I am still amazed at how many web sites still don’t employ a robots.txt file at the root of their web server. Even SEO firms or people claiming to be SEO experts have them missing which I find very funny. There also countless arguments of whether you still need to have a robots.txt, but my advice is if the search engine robots still request it then I’d rather have it there with the welcome mat to the site.
For those of you who don’t know the history of a robots.txt file then i’d suggest you have a Google or Wikipedia for it. In short it ‘s a text file that specifies which parts of a web site to ‘index’ and ‘crawl’ and/or which parts to not index. You can also get specific and setup up rules based on a certain spiders and crawlers.
To start with you need to create a text file called robots.txt and place in the root of your web host. You should be able to access it through your web browser at www.yourdomain.com/robots.txt
You can view other web sites robots.txt files by accessing the robots.txt at the root of their domain.

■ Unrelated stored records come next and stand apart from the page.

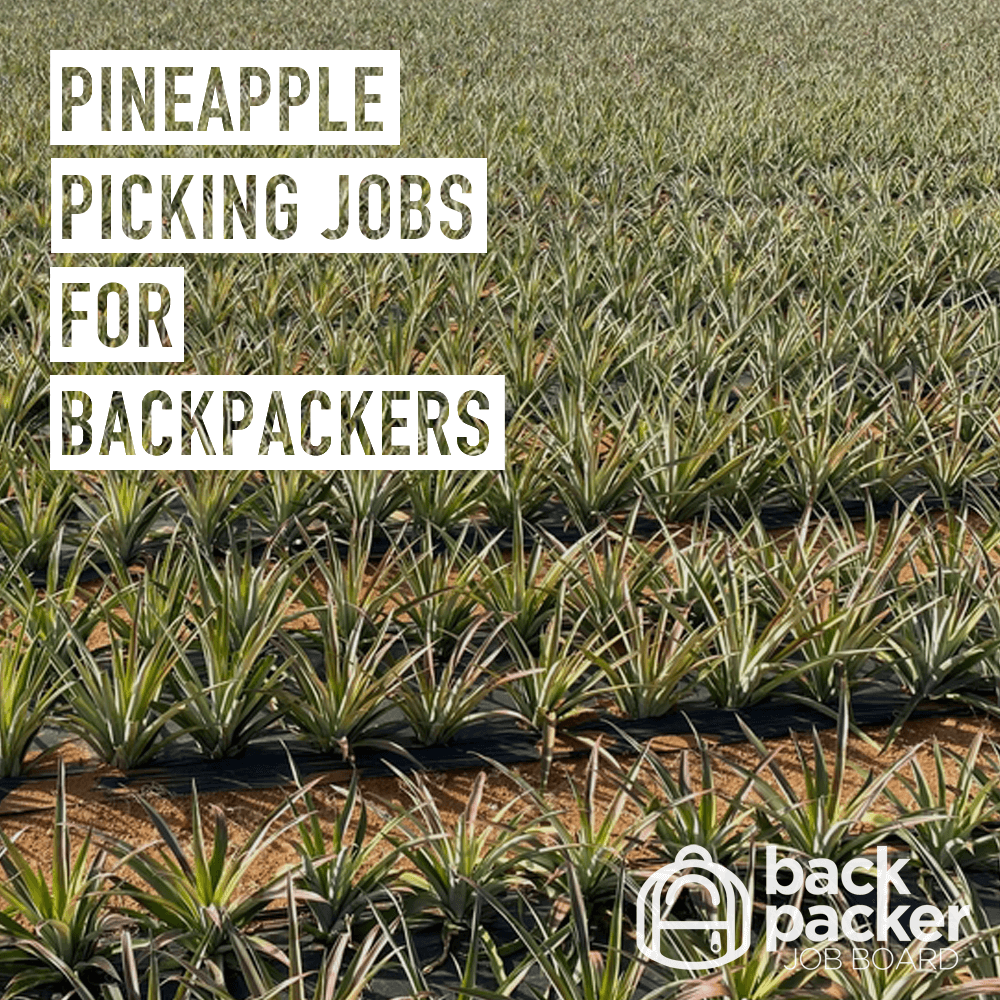 Pineapple picking jobs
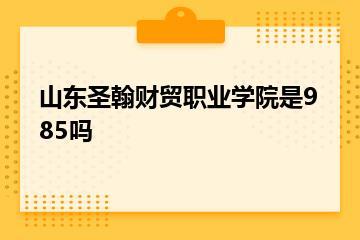 山东圣翰财贸职业学院是985吗？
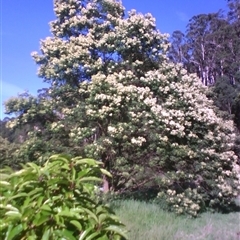 Pittosporum undulatum at Noorinbee, VIC - suppressed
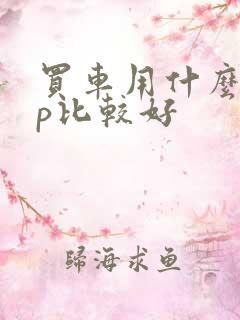 买车用什么app比较好
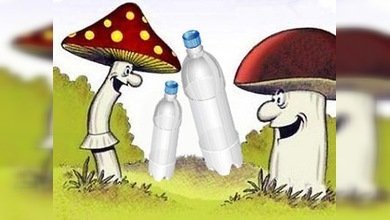 Descubren un hongo en la Amazonía que 'devora' plástico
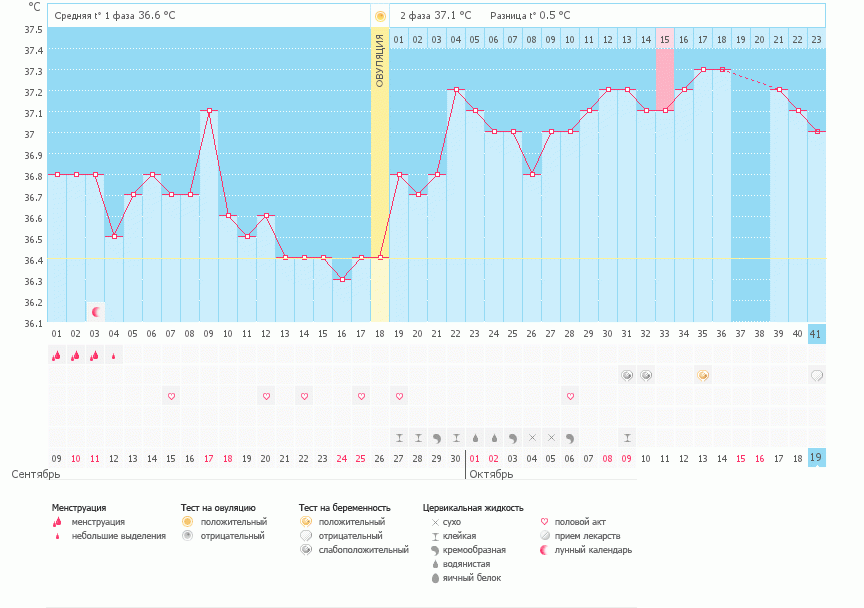 Стадия g0. Низкая вторая фаза. Низкая вторая фаза. Низкая вторая фаза. Медленная реполяризация фаза плато.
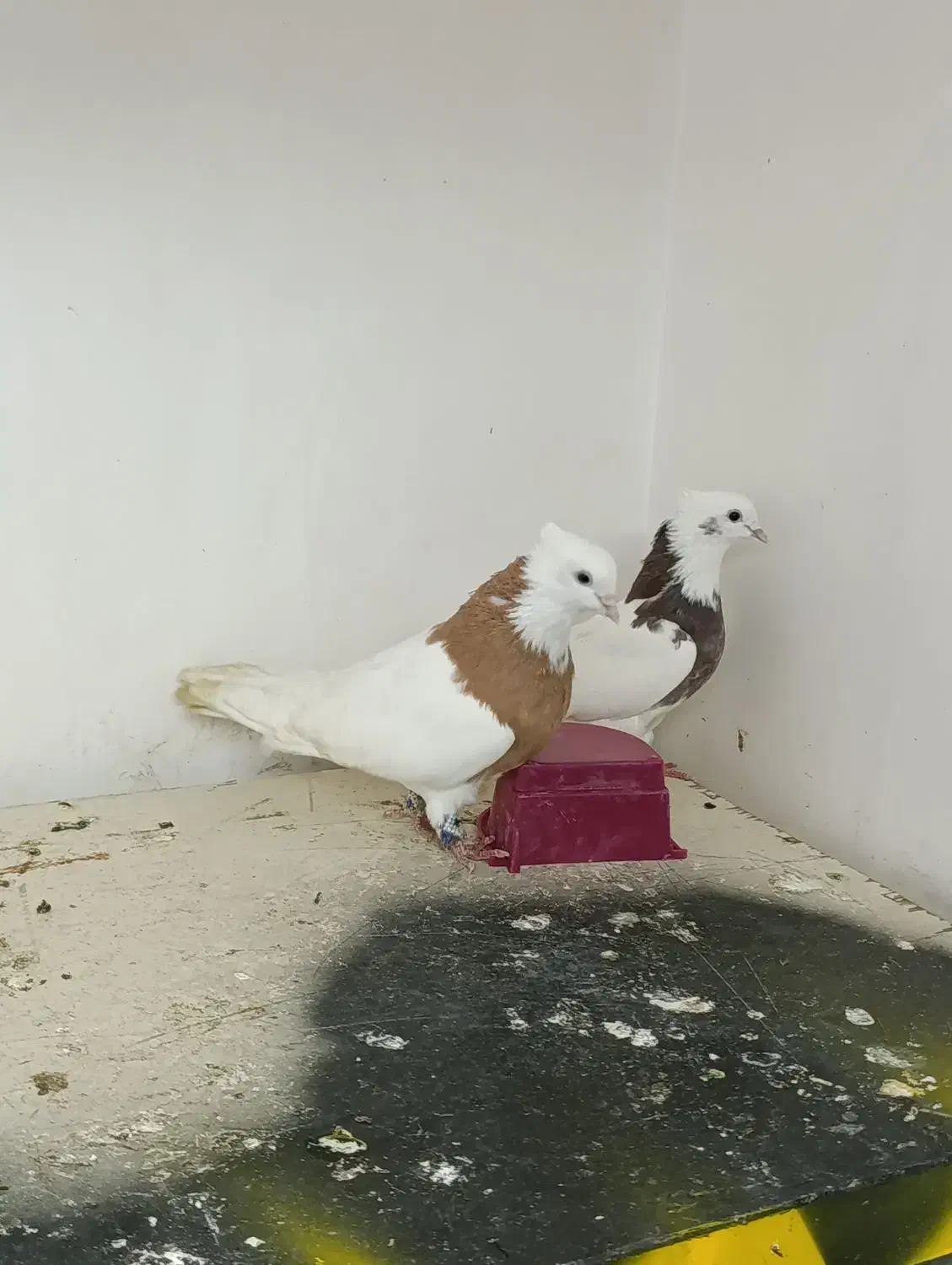 کبوتر|پرنده|تبریز, |دیوار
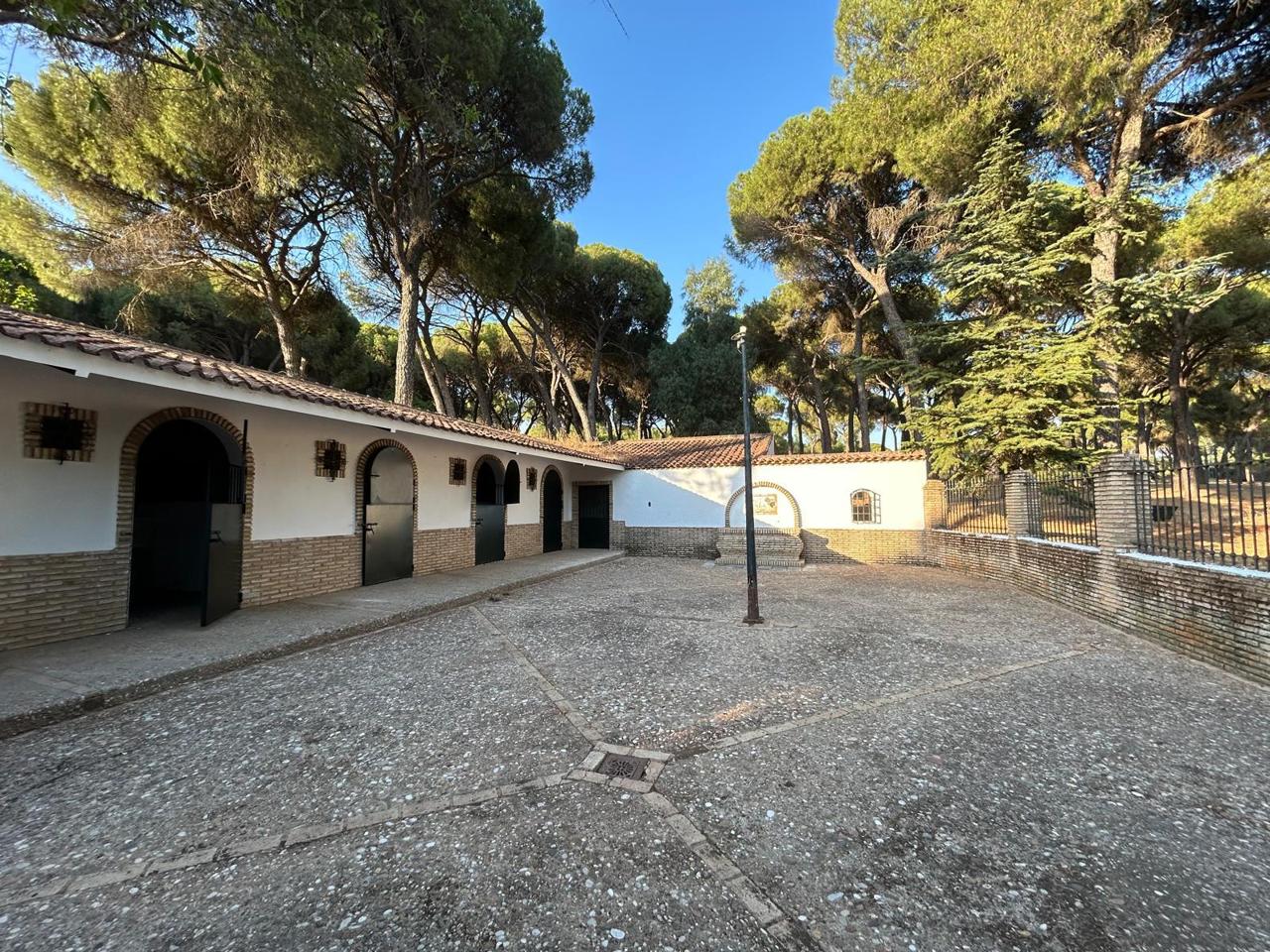 Land in Camino Campo Bajo, Cerro Muriano, Córdoba of 16000 m2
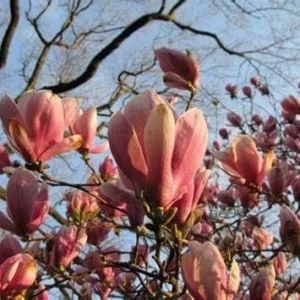 Saucer Magnolia 2-5-Inch Potted Plant 2 Potted Plants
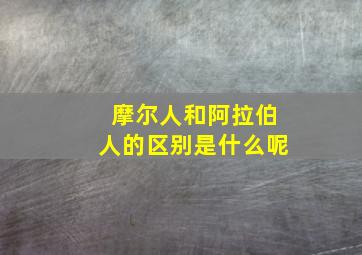 摩尔人和阿拉伯人的区别是什么呢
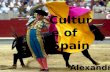 Culture of Spain Alexandra Nyilas. SPAIN spectacular and diverse country.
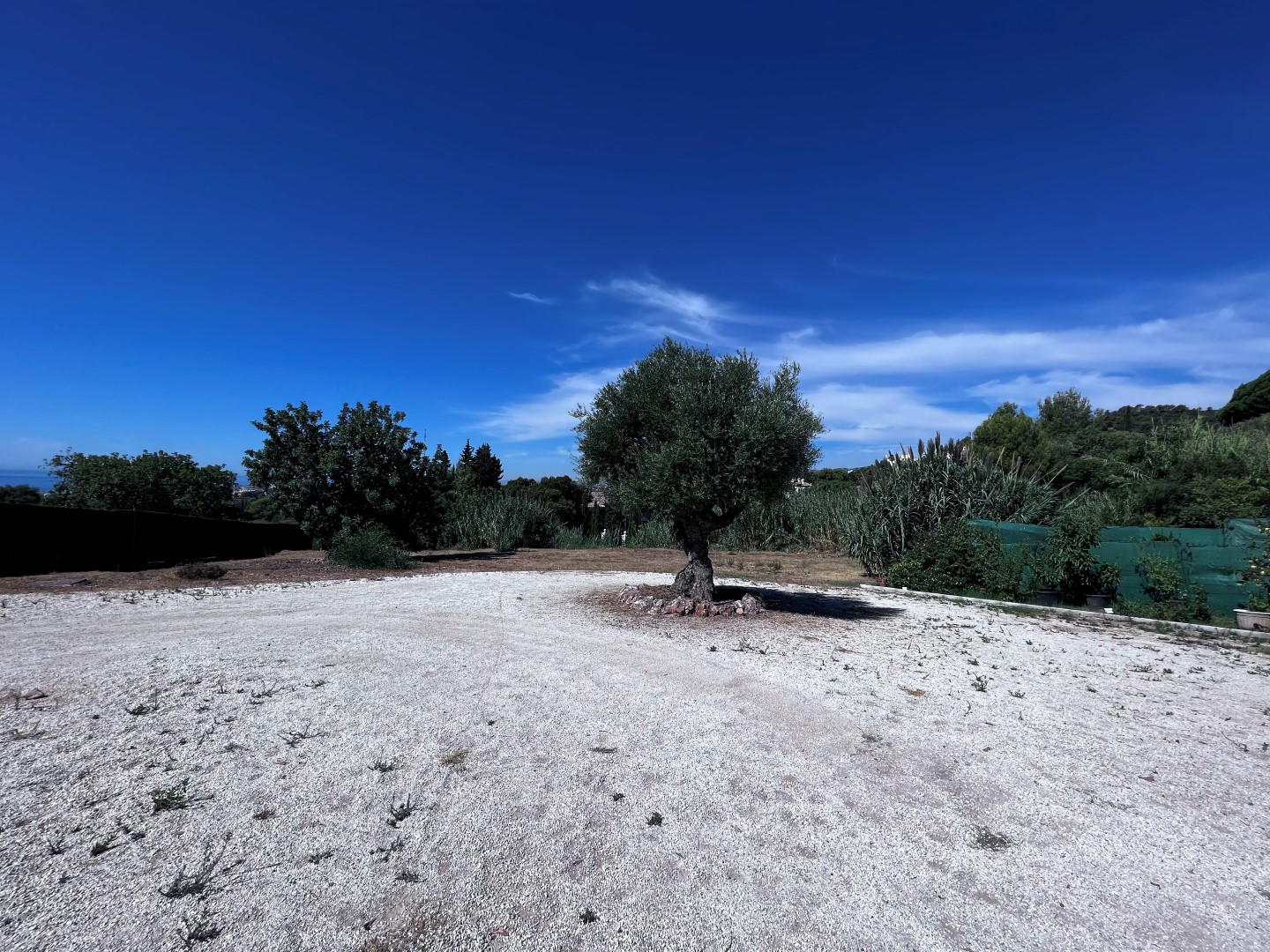 Terreno en venta en Milla de Oro, Marbella
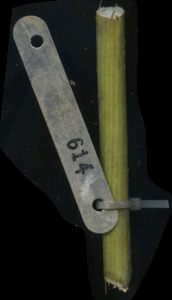 primarybranch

If you want Google, etc. to come into your site and index everything then things are very easy. Simply add the following to your robots.txt file and away you go:
User-agent: *
Disallow:
Alternatively if you wish to stop all pages in your site being indexed then the following should be present in your file:
User-agent: *
Disallow: /
To stop robots indexing a folder called images and another called private you would add a Disallow line for each folder:
User-agent: *
Disallow: /images/
Disallow: /private/
The above would still index the rest of the site, but anything in those folders would be excluded from search engine results.
To disallow a file you specify the file as above with a folder:
User-agent: *
Disallow: /myPrivateFile.htm
If you only wanted Google access to your site you specify the following:
User-agent: Google
Disallow:
User-agent: *
Disallow: /
If you are looking at getting your site fully indexed then I would put the first example in your robots.txt file.